• _Description of the task_
Retype the records below exactly as they stand, but with no images.
-- Opening Marker --
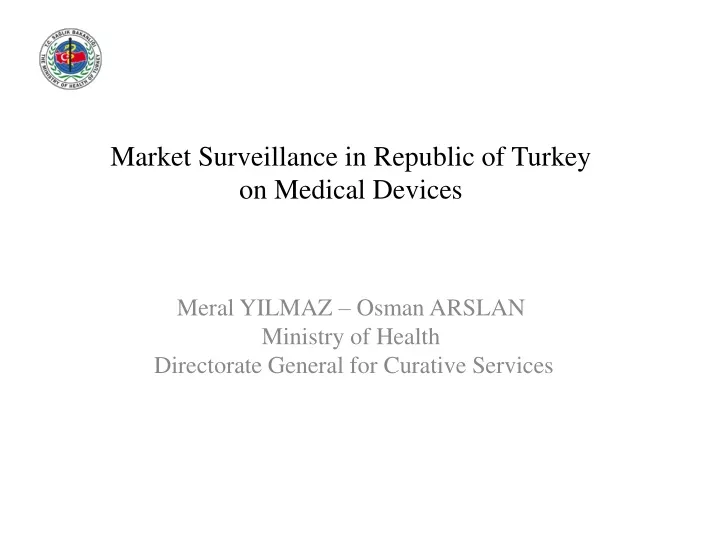 market surveillance in re p u b lic of turkey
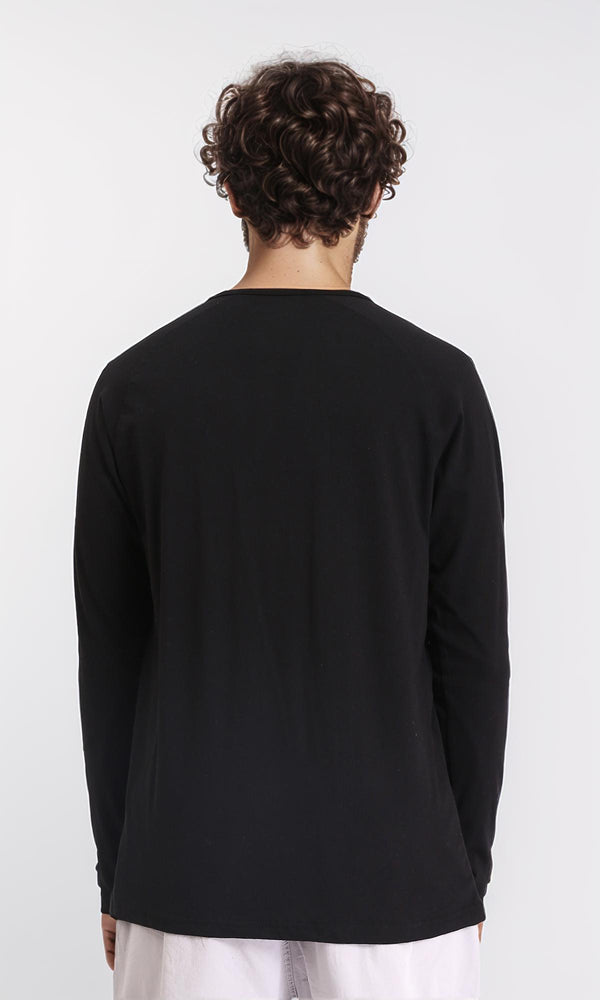 R213750 - Long Sleeves Solid Buttoned Henley Shirt - Black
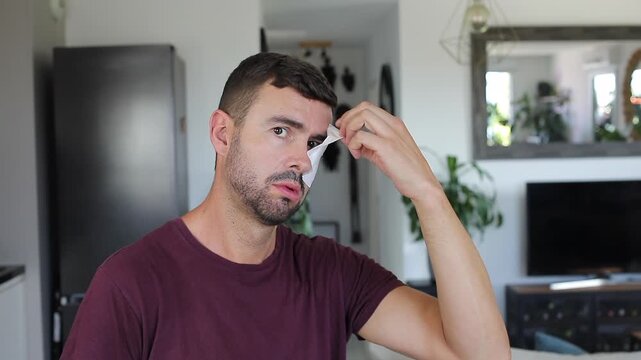 Sad man with large patched eye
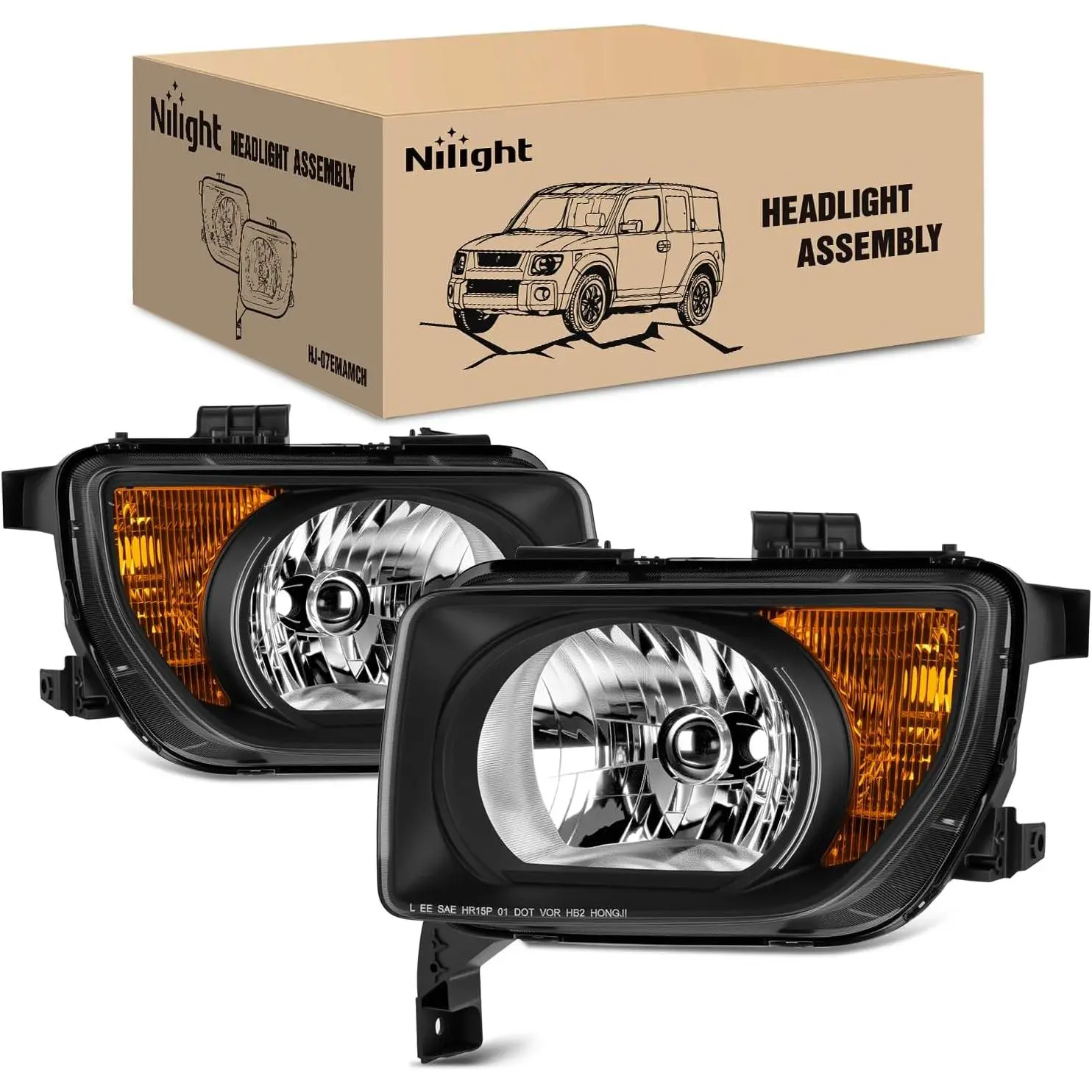 Nilight Headlight Assembly Compatible with 2003 2004 2005 2006 Honda Element OE Style Replacement Halogen Headlights Black Housing Amber Reflector Headlamp Passenger and Driver Side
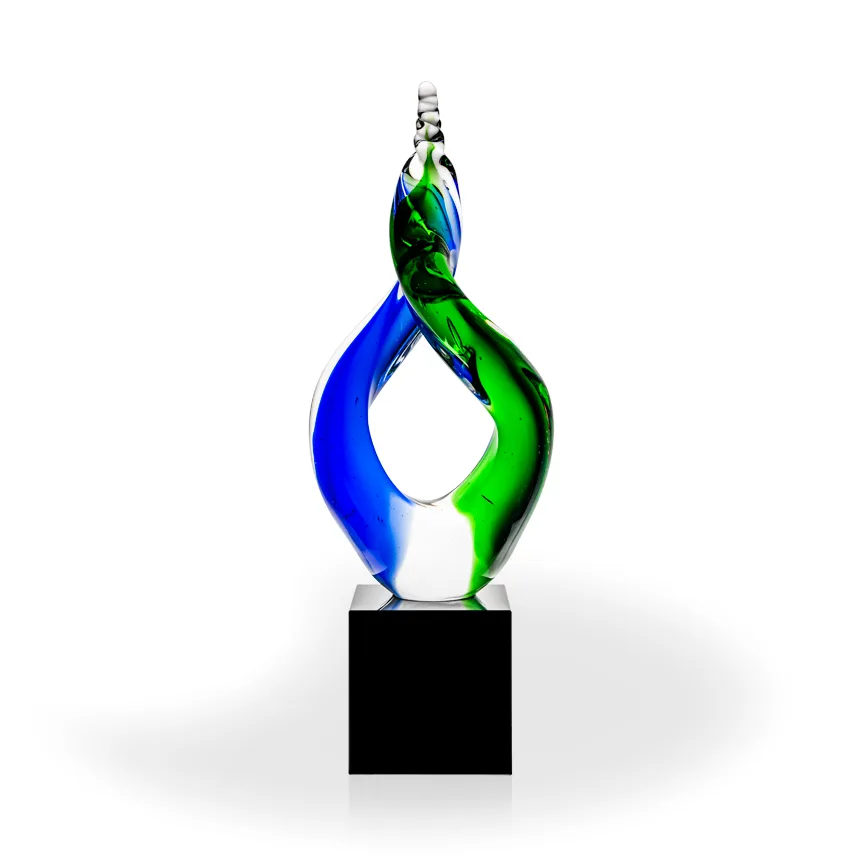 Delphia Art Glass Award - Black Cube view 2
-- Closing Marker --
• _Output below_
 market surveillance in re p u b lic of turkey
 R213750 - Long Sleeves Solid Buttoned Henley Shirt - Black
 Sad man with large patched eye
 Nilight Headlight Assembly Compatible with 2003 2004 2005 2006 Honda Element OE Style Replacement Halogen Headlights Black Housing Amber Reflector Headlamp Passenger and Driver Side
 Delphia Art Glass Award - Black Cube view 2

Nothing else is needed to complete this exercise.